Cover crops are valuable tools in crop systems in agriculture and also governmental instruments to reduce leaching of nitrate and promote biodiversity. European countries have different set of rules that farmers have to follow to be in compliance with national legislation. It can be quite a challenge for farmers to navigate in the catalogues of rules and mandatory requirements combined with voluntary schemes to match the goals.
Our soils are a dynamic system composed of living and dead organisms, decomposing and residual organic matter, minerals, water and oxygen. The balance can be affected by conservation practices where we can impact nutrient cycling, water quality and overall soil structure and condition. As cover crops grow, die and break-down, they feed the soil food web and improve soil quality retaining nutrients, adding carbon, increase water holding capacity while reducing runoff and evaporation, hence overall variability against weather extremes.

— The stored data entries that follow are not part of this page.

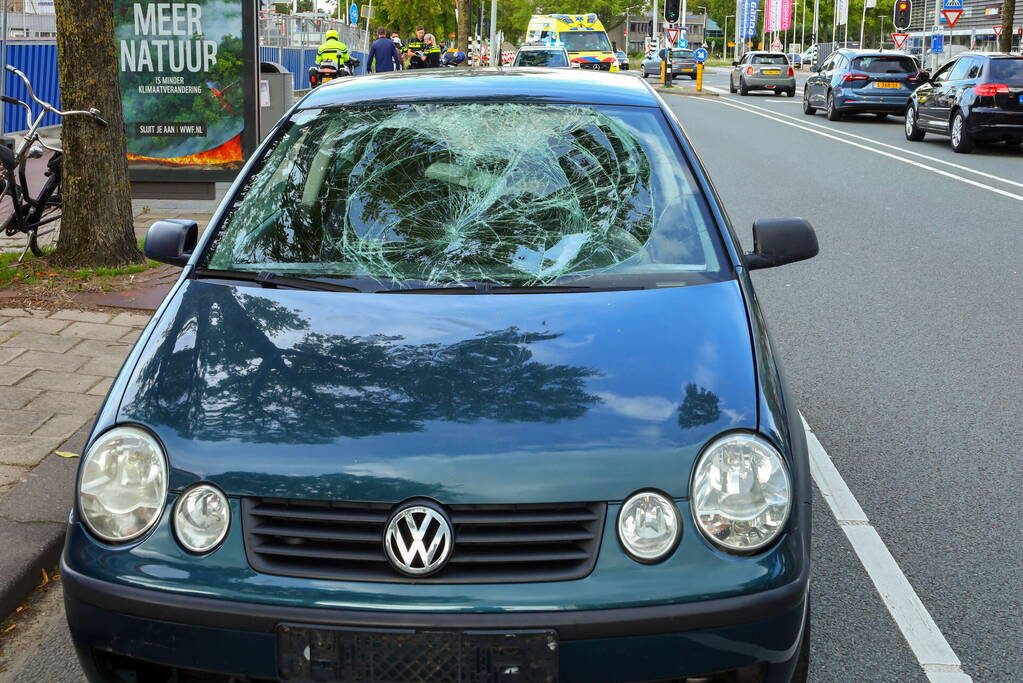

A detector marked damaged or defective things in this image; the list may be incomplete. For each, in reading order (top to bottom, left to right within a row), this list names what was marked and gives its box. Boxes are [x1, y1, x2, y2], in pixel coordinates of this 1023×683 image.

shattered windshield [201, 102, 728, 288]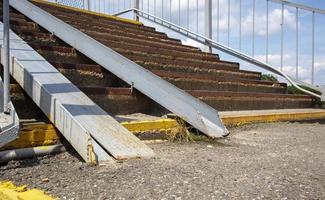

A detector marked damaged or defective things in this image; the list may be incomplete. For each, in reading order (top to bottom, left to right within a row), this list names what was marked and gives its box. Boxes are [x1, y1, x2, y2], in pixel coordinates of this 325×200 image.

damaged ramp [0, 23, 154, 163]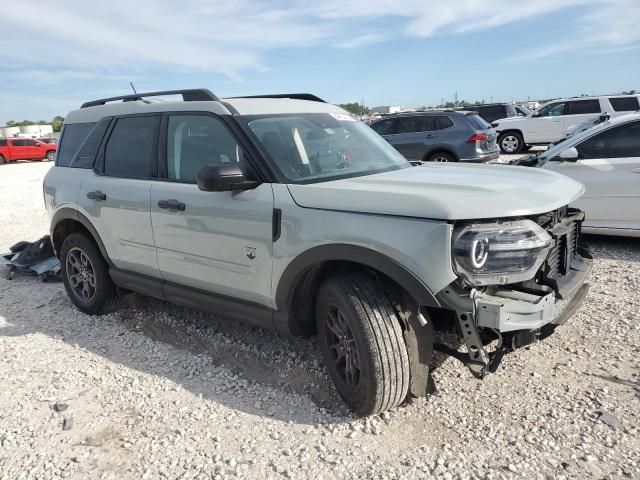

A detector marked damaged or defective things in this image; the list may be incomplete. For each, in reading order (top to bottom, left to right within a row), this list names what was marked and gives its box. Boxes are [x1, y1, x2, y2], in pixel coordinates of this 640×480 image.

damaged suv [45, 90, 592, 416]
exposed headlight [452, 220, 552, 284]
damaged front end [438, 206, 592, 378]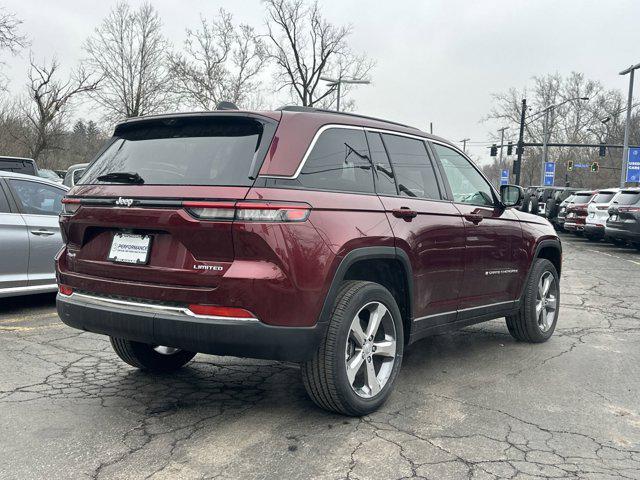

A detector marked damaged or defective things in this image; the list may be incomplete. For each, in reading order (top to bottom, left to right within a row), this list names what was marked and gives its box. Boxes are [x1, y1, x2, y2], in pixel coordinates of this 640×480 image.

cracked asphalt [1, 232, 640, 476]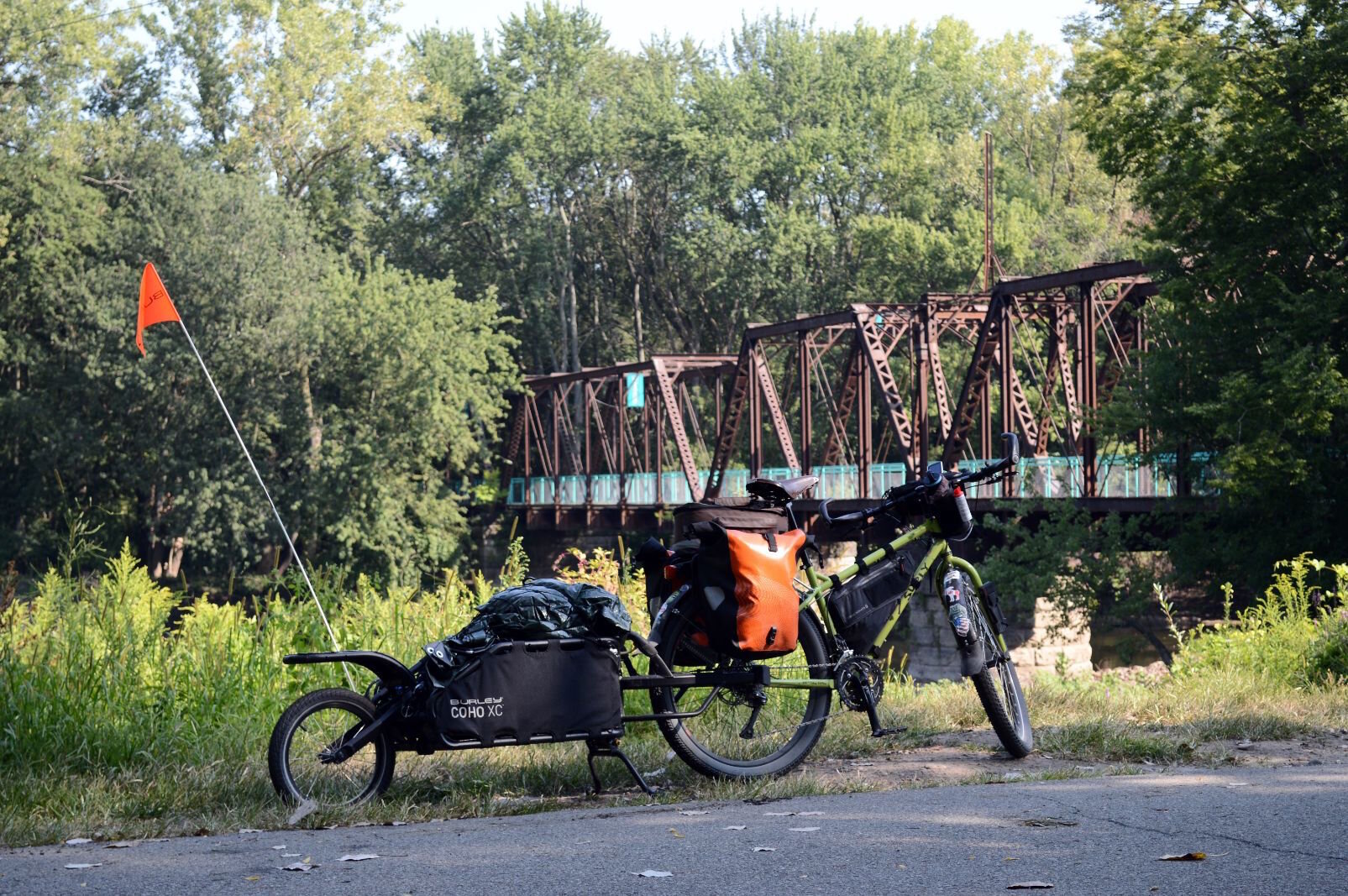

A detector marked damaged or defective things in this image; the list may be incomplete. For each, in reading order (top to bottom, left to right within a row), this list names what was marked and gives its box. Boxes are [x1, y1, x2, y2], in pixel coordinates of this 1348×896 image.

rusty steel truss bridge [501, 259, 1189, 527]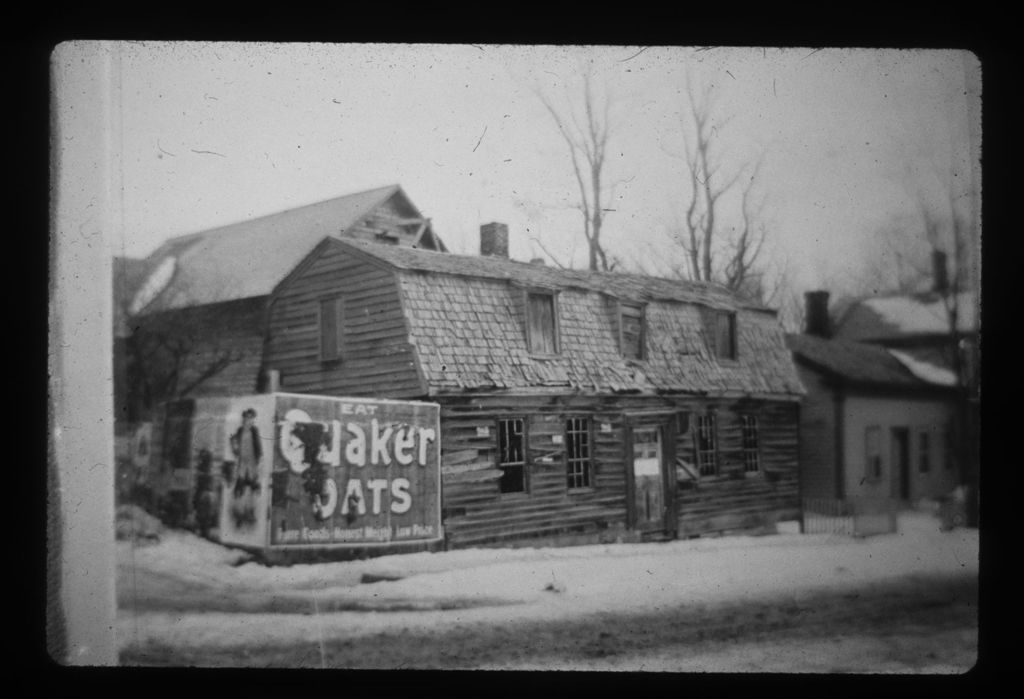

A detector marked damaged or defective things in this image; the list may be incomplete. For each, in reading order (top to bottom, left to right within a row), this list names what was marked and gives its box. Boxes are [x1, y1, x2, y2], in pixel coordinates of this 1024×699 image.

broken window [497, 417, 528, 495]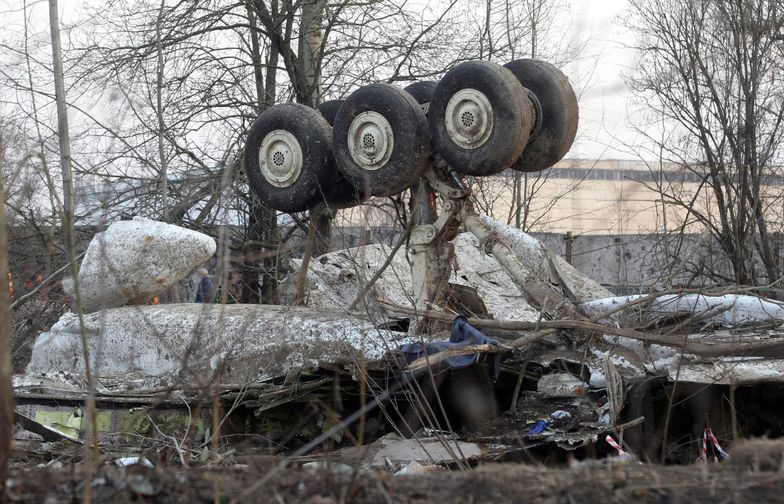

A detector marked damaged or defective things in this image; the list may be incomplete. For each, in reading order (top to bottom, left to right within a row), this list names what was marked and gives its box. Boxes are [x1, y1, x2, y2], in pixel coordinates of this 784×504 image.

damaged aircraft part [62, 219, 214, 314]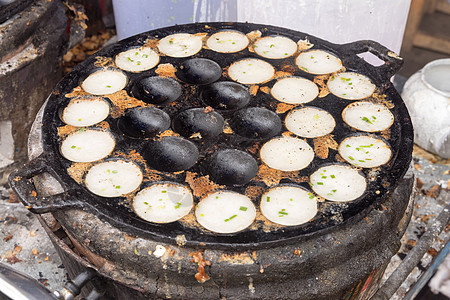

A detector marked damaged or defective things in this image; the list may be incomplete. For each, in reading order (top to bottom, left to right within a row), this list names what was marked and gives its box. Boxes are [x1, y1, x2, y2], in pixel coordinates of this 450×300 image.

black charred dome [175, 58, 222, 85]
charred black surface [178, 57, 223, 85]
black charred dome [132, 76, 183, 104]
charred black surface [132, 76, 183, 104]
black charred dome [201, 81, 251, 110]
charred black surface [202, 81, 251, 110]
black charred dome [118, 106, 171, 138]
charred black surface [118, 107, 171, 139]
black charred dome [171, 108, 224, 138]
charred black surface [171, 108, 224, 139]
charred black surface [229, 106, 282, 139]
black charred dome [232, 106, 282, 139]
black charred dome [143, 135, 200, 171]
charred black surface [143, 135, 200, 171]
black charred dome [207, 148, 258, 185]
charred black surface [207, 148, 258, 185]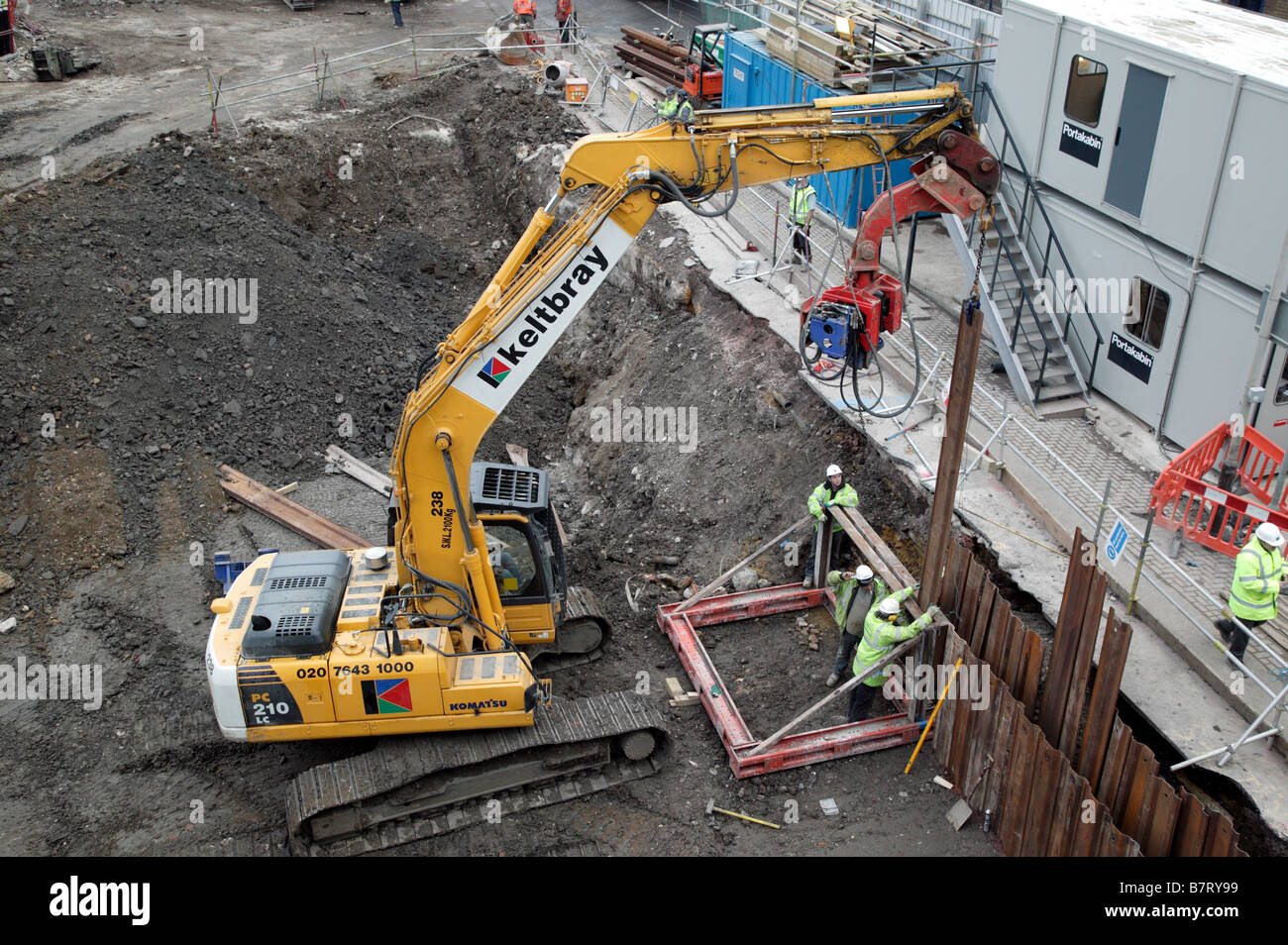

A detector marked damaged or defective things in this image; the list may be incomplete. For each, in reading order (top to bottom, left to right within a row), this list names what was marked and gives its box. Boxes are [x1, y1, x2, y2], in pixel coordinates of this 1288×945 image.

rusty metal sheet [1056, 569, 1108, 762]
rusty metal sheet [1076, 610, 1127, 788]
rusty metal sheet [1020, 746, 1061, 860]
rusty metal sheet [1143, 783, 1179, 860]
rusty metal sheet [1174, 792, 1211, 860]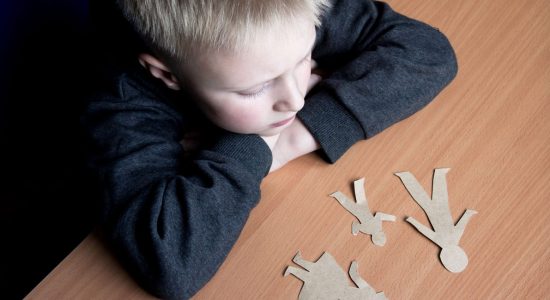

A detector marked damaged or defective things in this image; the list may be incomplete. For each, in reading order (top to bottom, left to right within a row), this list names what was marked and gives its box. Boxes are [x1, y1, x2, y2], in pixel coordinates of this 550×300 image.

broken cardboard figure [332, 178, 396, 246]
broken cardboard figure [396, 168, 478, 274]
broken cardboard figure [286, 251, 386, 300]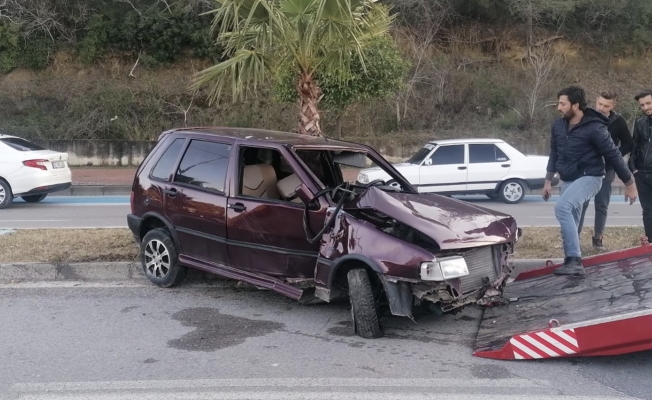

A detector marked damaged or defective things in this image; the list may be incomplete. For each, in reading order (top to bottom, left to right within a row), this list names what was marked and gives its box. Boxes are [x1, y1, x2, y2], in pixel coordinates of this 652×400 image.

shattered windshield glass [404, 144, 436, 164]
damaged maroon car [127, 127, 524, 338]
broken headlight [422, 256, 468, 282]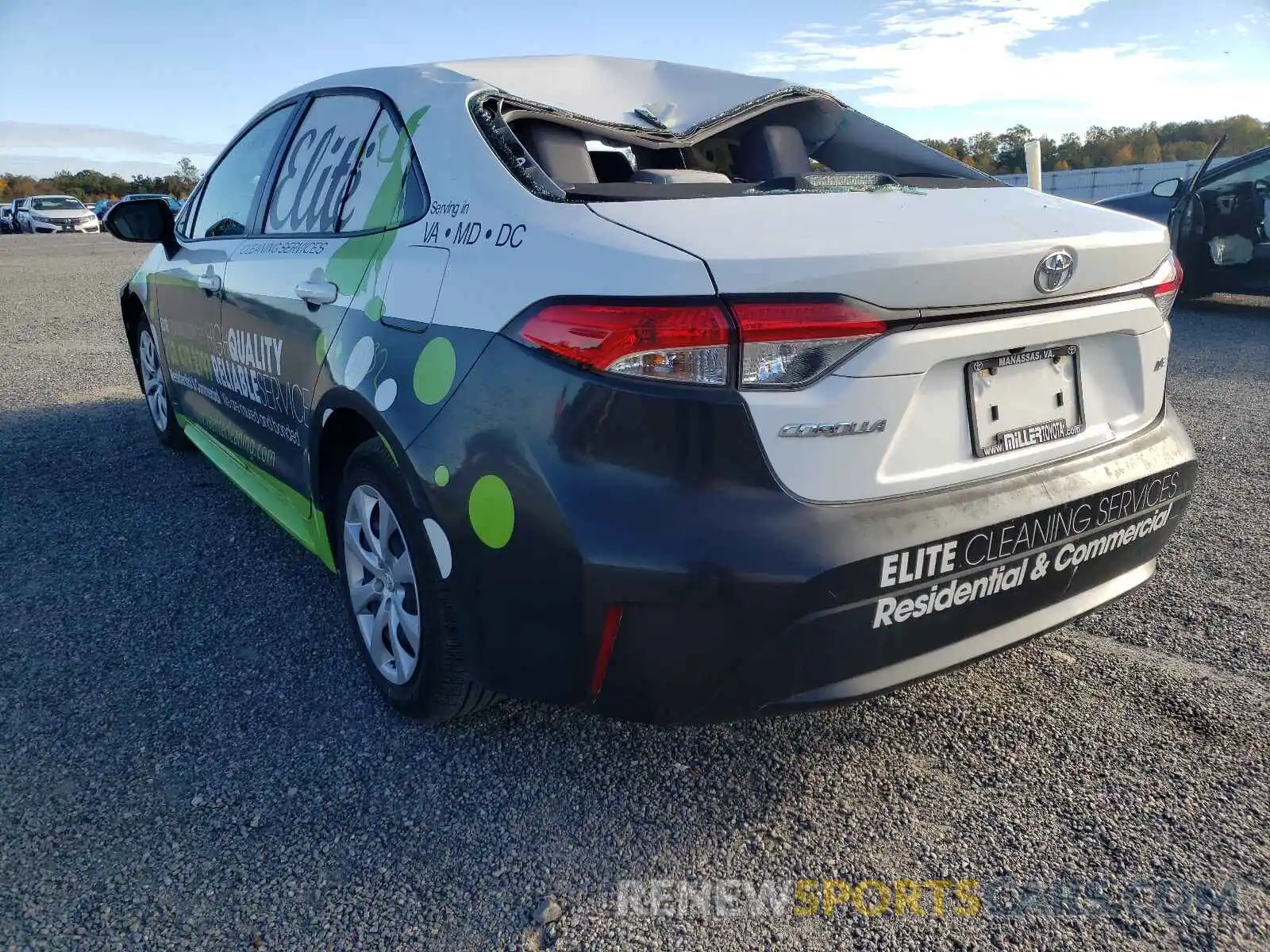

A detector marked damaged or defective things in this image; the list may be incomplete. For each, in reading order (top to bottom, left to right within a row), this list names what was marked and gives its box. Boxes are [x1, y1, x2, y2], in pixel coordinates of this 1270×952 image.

damaged toyota corolla [104, 56, 1194, 727]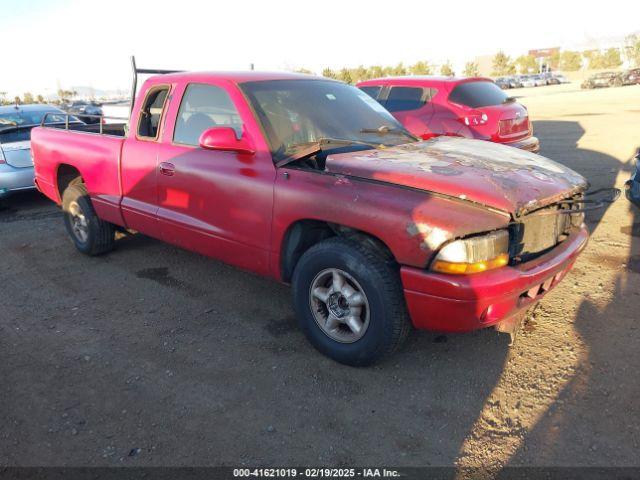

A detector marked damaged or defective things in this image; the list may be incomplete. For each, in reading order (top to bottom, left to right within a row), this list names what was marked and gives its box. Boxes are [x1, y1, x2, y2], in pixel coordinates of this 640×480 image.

damaged hood [328, 136, 588, 217]
rusty hood [324, 136, 592, 217]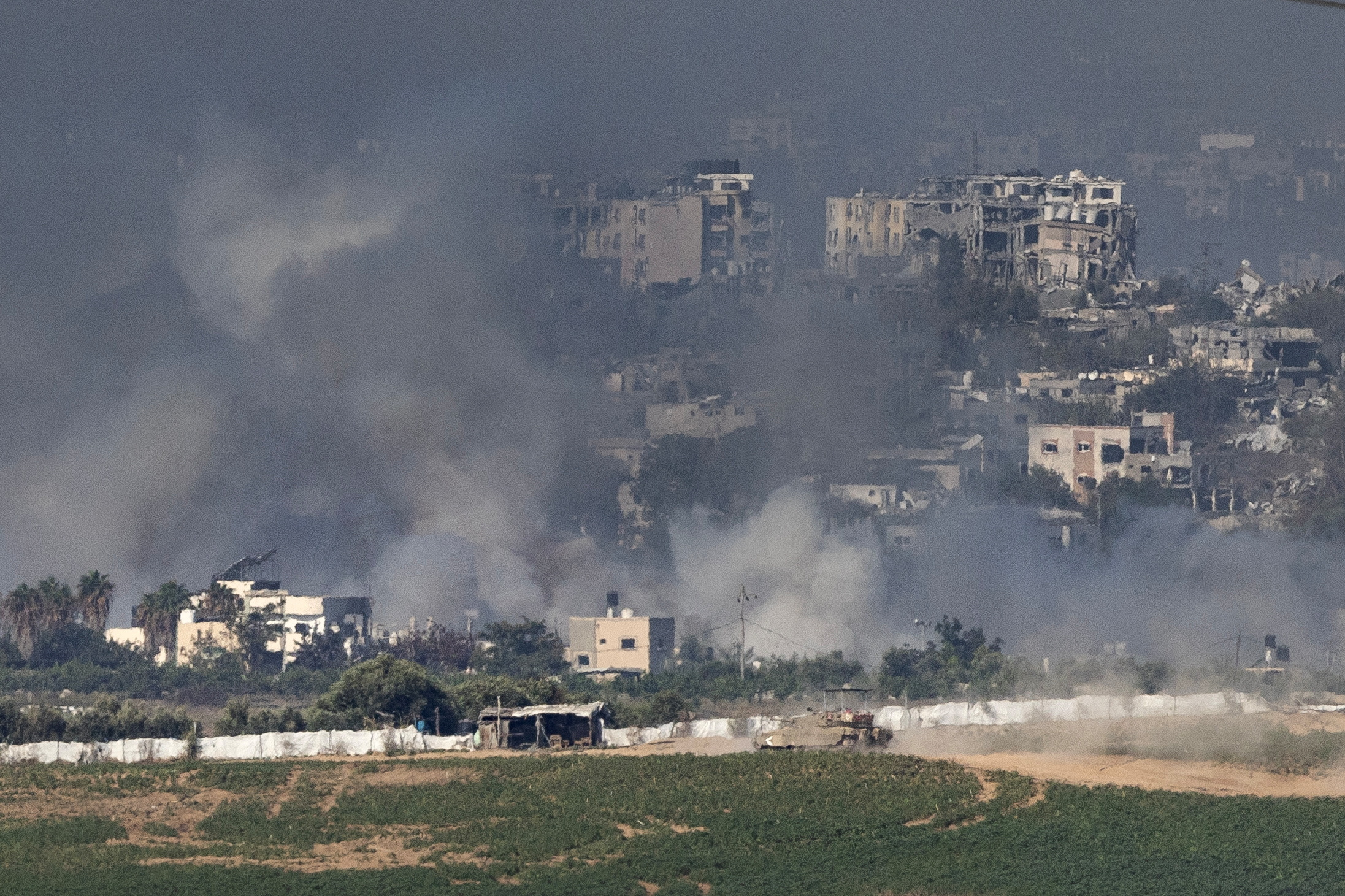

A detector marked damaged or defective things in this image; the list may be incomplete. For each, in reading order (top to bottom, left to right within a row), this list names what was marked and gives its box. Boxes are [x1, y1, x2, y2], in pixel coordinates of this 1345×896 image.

damaged apartment block [829, 170, 1133, 289]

Cover crops stimulate microbial activity because they supply food (carbon) for the microorganisms to feed on. Microorganisms in our soils use cover crop plant residues to build organic matter and increase nutritional value of the soil. Carbon reserves and actively growing plant roots increase mycorrhizal hyphae creating soil aggregates that act like a net capturing organic matter and soil particles. Aggregate stability builds soil structure and ultimately leads to better nutrient cycling and better movement of water and oxygen. Adding legumes, farmer’s get a source of additional sustainable nitrogen by converting atmospheric nitrogen into nutrients plants can use.
Cover crops can aggressively scavenge and cycle nutrients from deep within the soil profile making them available in the root zone of subsequent crops, improving yields and reducing runoff into sensitive environments. The extensive root systems cling to the top layer of soil creating an interior shield from erosion while top growth minimizes wind and water erosion. Deep burrowing roots break through compacted soil to create pore space improving aeration, water movement and helping soil organisms flourish.
The crop rotation are also benefited in other ways. Cover crops create competition for winter annuals and other weeds by shading them out and preventing them from robbing valuable moisture and nutrients from subsequent cash crops with the potential of lowering herbicide requirements. Most cover crops that suppress weeds during the winter months can consequently reduce nematode populations by causing premature egg hatching, eliminating winter annuals that historically provide a refuge for nematode populations or by containing chemicals that naturally fumigate at-risk soil environments.
Many cover crop species provide both the benefit as soil cover while providing a valuable forage source for livestock. Fall, winter and spring cover crops create environments crucial for wildlife protection and nesting. Additionally, the biodiversity created by many cover crop systems have positive effects on native pollinators.
All these benefits create the opportunity for better yield potential in cash crops, lower input costs and ultimately higher land values. In addition, some countries offer cost-sharing initiatives for this important practice. So, take a break in your soil rotation and discover a world of opportunities in cover crops.